26 Kasım 2018 Pazartesi

Turuncu çoraplı çocuk

Arca cumartesi ve çarşamba günleri futbola gidiyor. Arca seviyor, ben de Arca sevdiği için seviyorum, İlker sevmiyor. Tüm antremanların ve sonrasındaki maçların, iyi bir futbol oyuncusu/seyircisi için tabiri caizse işkence olduğunu söylüyor. Şimdiden kulüp araştırmalarına başlama niyetinde.

18 Kasım 2018 Pazar

Kapı

Bazı yazarlar, bazı kitaplar bende okudukça yazma isteği uyandırıyorlar. Ne olursa olsun, bir şeyler yazmak geliyor içimden. Allahtan bu blog var. Haftada bir başına oturabildiğim canım blogum.
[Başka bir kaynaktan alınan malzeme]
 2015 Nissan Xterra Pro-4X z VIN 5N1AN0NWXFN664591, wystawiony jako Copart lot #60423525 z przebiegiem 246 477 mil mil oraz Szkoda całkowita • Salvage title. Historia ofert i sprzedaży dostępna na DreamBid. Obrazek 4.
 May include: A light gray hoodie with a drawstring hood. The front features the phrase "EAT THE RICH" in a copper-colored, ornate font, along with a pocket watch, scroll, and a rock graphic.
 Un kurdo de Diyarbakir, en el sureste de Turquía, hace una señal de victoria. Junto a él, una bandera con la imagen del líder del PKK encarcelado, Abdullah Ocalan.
Hayır hayata sitem etmiyorum, "yapmak istediğim çok şeyim ve çok az zamanım var" cümlesini kendi kendime kurmaktan bile sıkıldım. "To Do List"imin sürekli kabarık olmasından ve gün bittiğinde ancak yarısını halletmiş olmaktan da sıkıldım ama artık kendime bir sözüm var: bunu kafaya takmayacağım, o gün için en çok yapmak istediğim şeyleri yapıp yapamadıklarım için hayıflanmaktan, kendime kızmaktan da vazgeçeceğim.
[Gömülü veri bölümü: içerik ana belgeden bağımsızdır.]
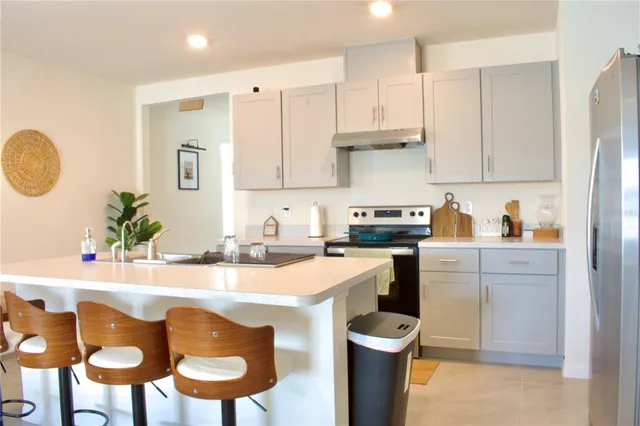 a kitchen with a sink a stove and chairs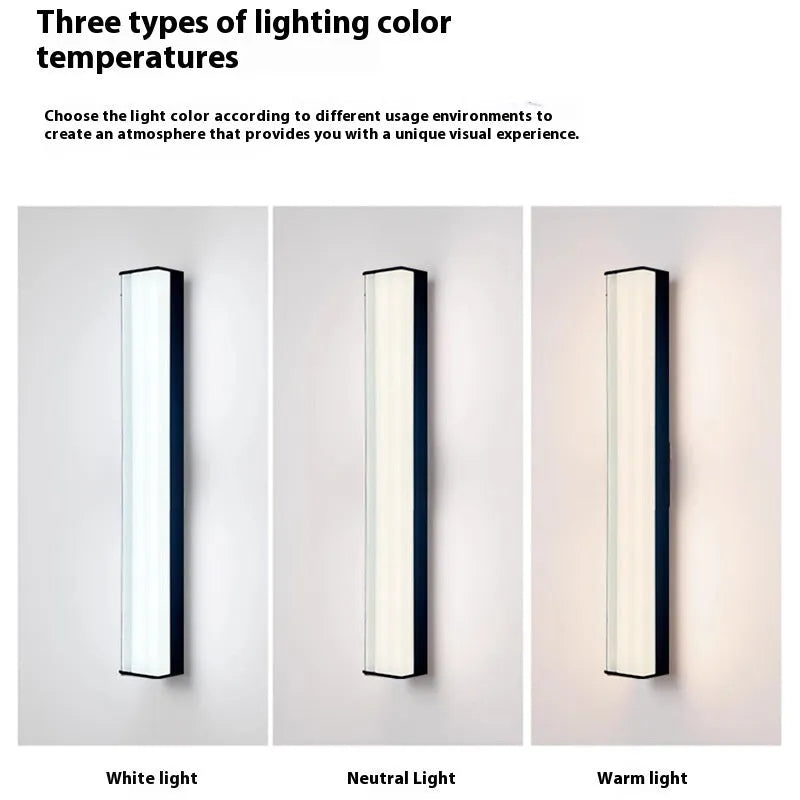 Modern outdoor wall lamp mounted on an exterior wall, showcasing its simple design.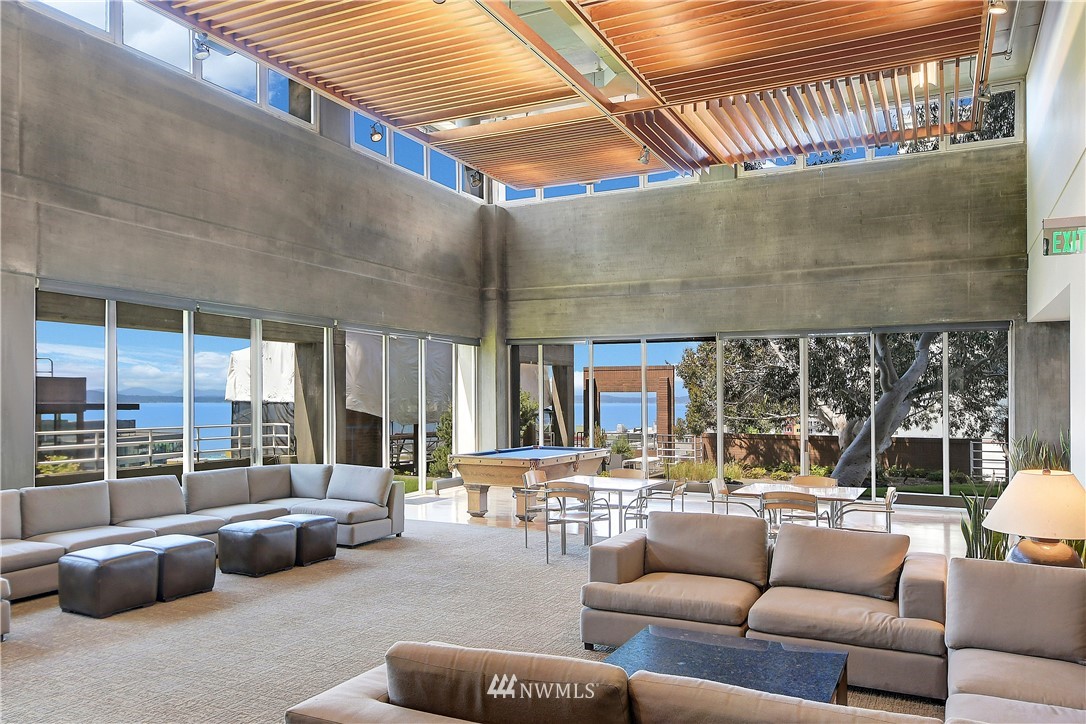 2125 1st Avenue, Unit 1702 Seattle, WA 98121 - Photo 21 of 31 a living room with furniture and a large window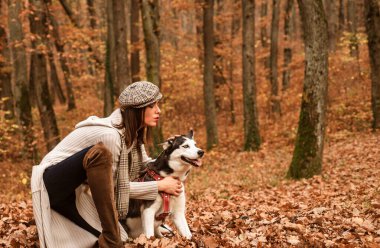Şapkalı, uzun gri kazaklı ve köpeğiyle oynayan alımlı, çekici bir kadın. Evcil hayvanı dışarıda dinlenen bir kız. Sonbahar hafta sonu. Sonbahar modeli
Doğru, anladınız, bu sıkıntının işle alakası yok. İş için farklı zaman yönetimi yöntemlerim var. Neler mi? O başka bir yazıya kalsın.
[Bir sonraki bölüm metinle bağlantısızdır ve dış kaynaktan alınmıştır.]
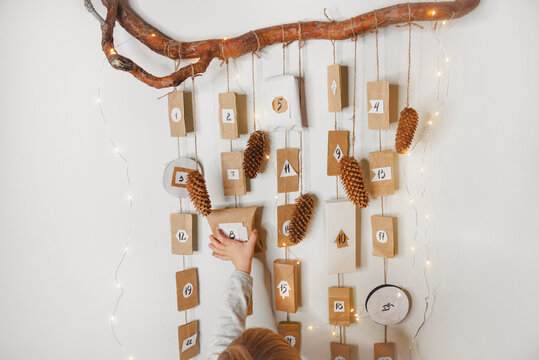 Little boy reaching for the box of advent calendar. Closeup.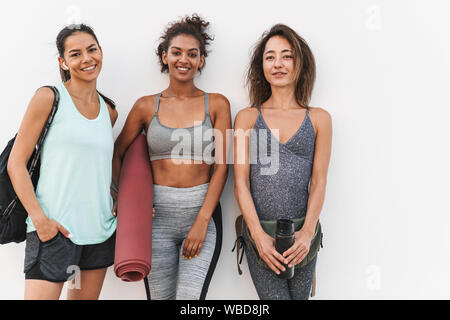 Photo of beautiful multiethnic sportswomen in tracksuits smiling and standing over white wall outdoors Stock Photo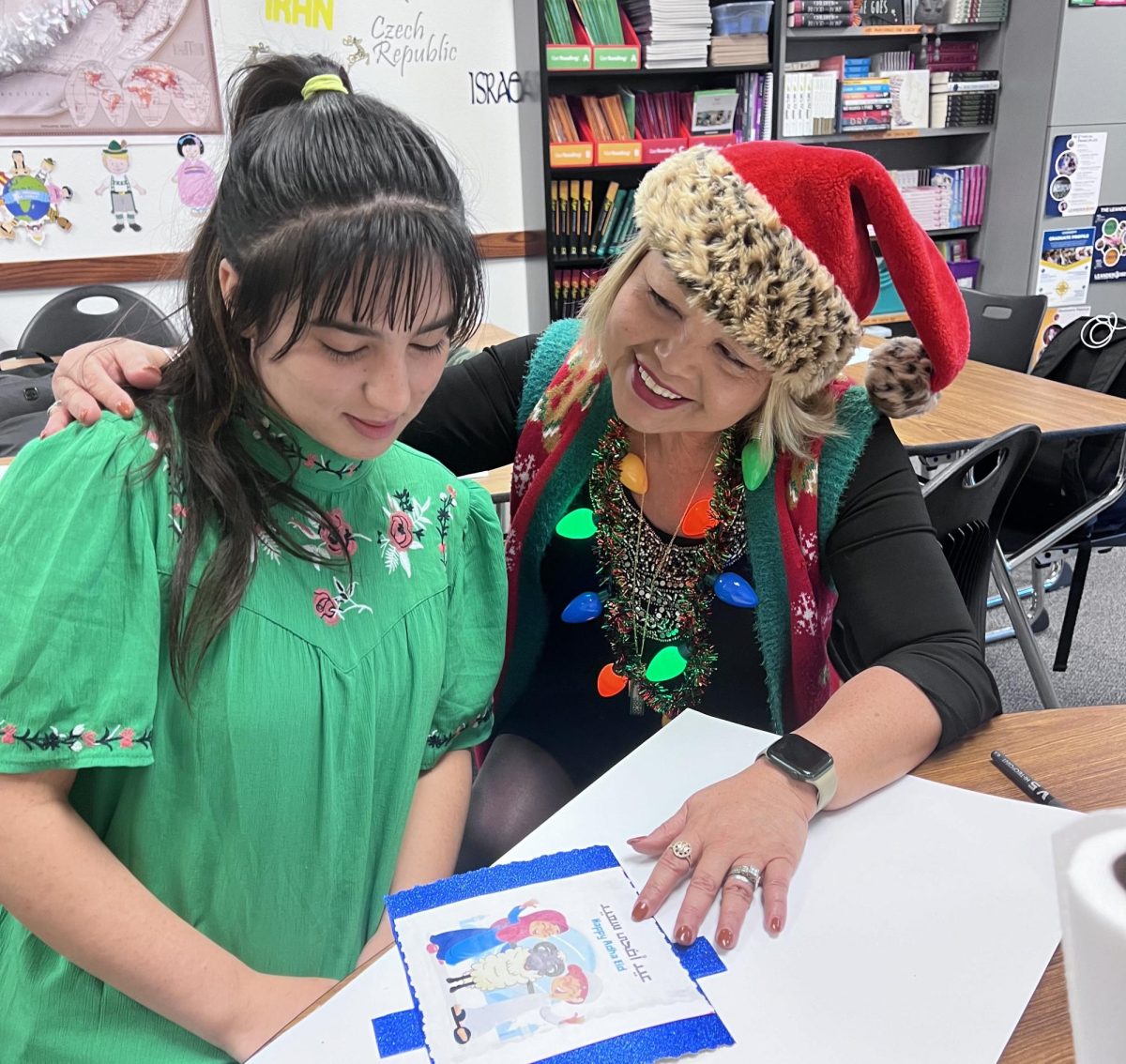 Medineh Nasir, who is from Afghanistan, starts her project for the ESL Celebration Around The World alongside teacher Mima Nazarene. She presented about the celebrations for Adha Eid from her country.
Hafta sonu için yapılacaklar listesi kabarık ama öncelikler üç ana gruba ayrıldı: Kesinlikle yapılması gerekenler, aşırı derecede yapmak istediklerim, yapsam iyi olurlar.

12 Kasım 2018 Pazartesi

Paris is always a good idea!

"Para harcayarak sizi zengin yapacak tek şey seyahat etmektir."

Paris'te 4 gün geçirdik.
85.000 adım
63 km yürüyüş
ve şahsıma ait kısık bir ses.
ve bize ayak uydurmayı başaran bir Arca cücesi! 

10 Kasım 2018 Cumartesi

Başkalarına yardım etmek

Bazen giysilerimiz küçük gelir. Bazen eskir. Bazen çantamızın bir yeri yırtılır tamir edemeyiz.
Bunları atmak yerine, işine yarayacak birine verebiliriz. Belki birisi, bizim tamir edemediğimiz çantamızı onarıp kullanabilir.
Peki, o kişiyi nasıl bulabiliriz?
Türkiye'de yaşarken, görmüştüm. Cadde üstünde Kızılay'ın kocaman kutuları vardı. Bizim işimize yaramayan eşyaları, annem ayırır, babam da o kutulara atardı.
Belçika'da da böyle kutular olduğunu öğrendim. Havuza gittiğimiz gün, annem üzerinde Flamanca yazan kocaman bir kutunun yanına götürdü beni ve tercüme etmemi istedi. Başkalarına yardım etmek ile ilgili bir şeyler yazıyordu. Annemin anlamasına yardım ettiğim için kendimle gurur duydum.
Başkalarına yardım etmek için, bazen bir eşya verebiliriz, bazen de Flamanca yazıları tercüme edebiliriz.


Helpen aan iemand anders.
Soms worden onze kleren klein voor ons. Soms worden ze oud. Soms worden onze tassen kapot en we kunnen hen niet meer gebruiken en reparaseren.
Maar op de plaats van naar vuilbak gooien kunnen we beter aan iemand geven die het nodig heb. En die iemand kan die spullen reparaseren en nog een keer gebruiken.
Maar hoe kunnen we die iemand vinden?
In Turkije zijn er bedrijven die arme mensen helpen. Die bedrijven laten altijd een grote doos bij sommige straten. En mensen gooien hun oude of kapotte spullen erin. Mijn mama heeft gezegd dat hier in Belgie ook zo dozen zijn om mensen te helpen. Op de dag die we naar het zwembad gegaan hebben heeft mama me naar een doos gebracht. Ze wilde weten wat op het doos staat. En het was Nederlands geschreven. Ik heb het vertaad voor mijn mama. Het was over helpen aan iemand anders. We kunnen een spul geven of Nederlandse teksten vertalen om te helpen aan iemand.